**INSTRUCTIONS FOR THE TASK:**
Set down all of the entries below exactly, and omit the pictures.

[[ INPUT DATA open ]]

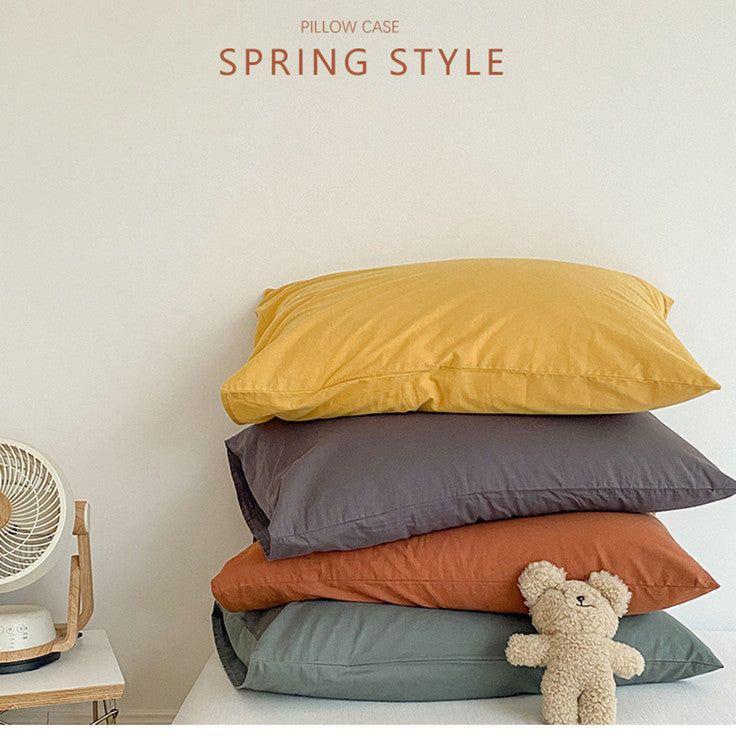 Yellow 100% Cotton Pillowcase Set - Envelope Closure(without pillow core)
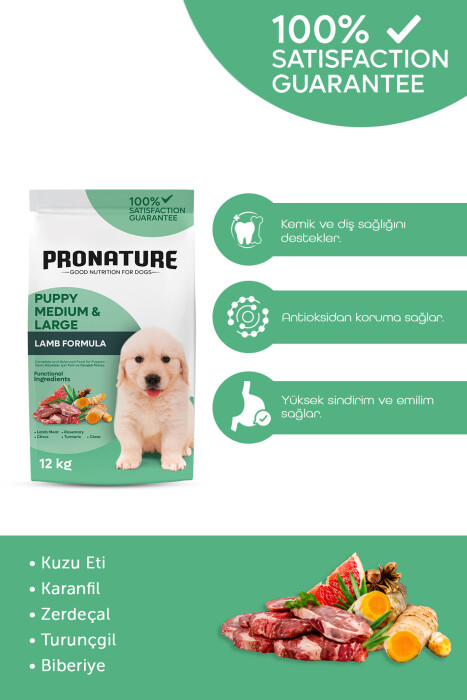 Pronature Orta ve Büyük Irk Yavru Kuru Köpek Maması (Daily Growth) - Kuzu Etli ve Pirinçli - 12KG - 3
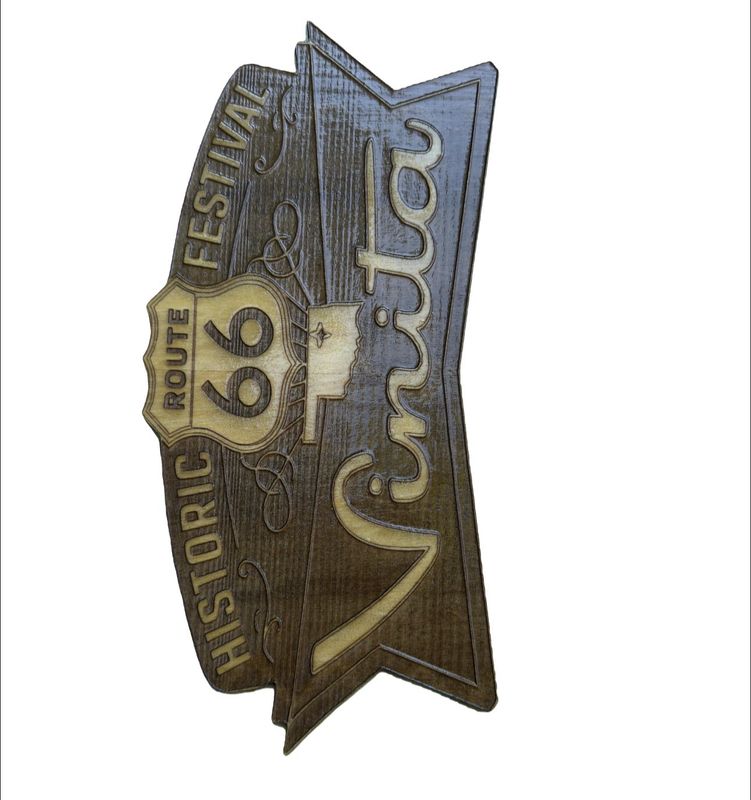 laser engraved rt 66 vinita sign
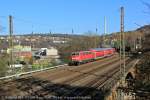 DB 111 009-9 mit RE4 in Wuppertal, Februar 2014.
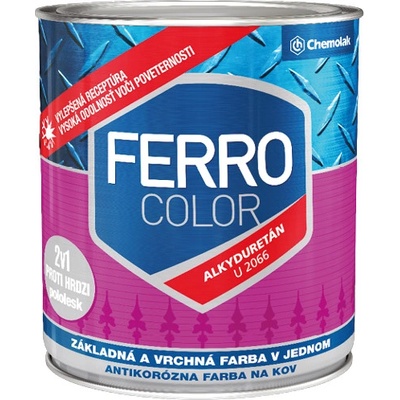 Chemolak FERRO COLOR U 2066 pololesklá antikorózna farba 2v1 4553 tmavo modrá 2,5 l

[[ INPUT DATA closed ]]

**OUTPUT OF THE EXERCISE:**
 Yellow 100% Cotton Pillowcase Set - Envelope Closure(without pillow core)
 Pronature Orta ve Büyük Irk Yavru Kuru Köpek Maması (Daily Growth) - Kuzu Etli ve Pirinçli - 12KG - 3
 laser engraved rt 66 vinita sign
 DB 111 009-9 mit RE4 in Wuppertal, Februar 2014.
 Chemolak FERRO COLOR U 2066 pololesklá antikorózna farba 2v1 4553 tmavo modrá 2,5 l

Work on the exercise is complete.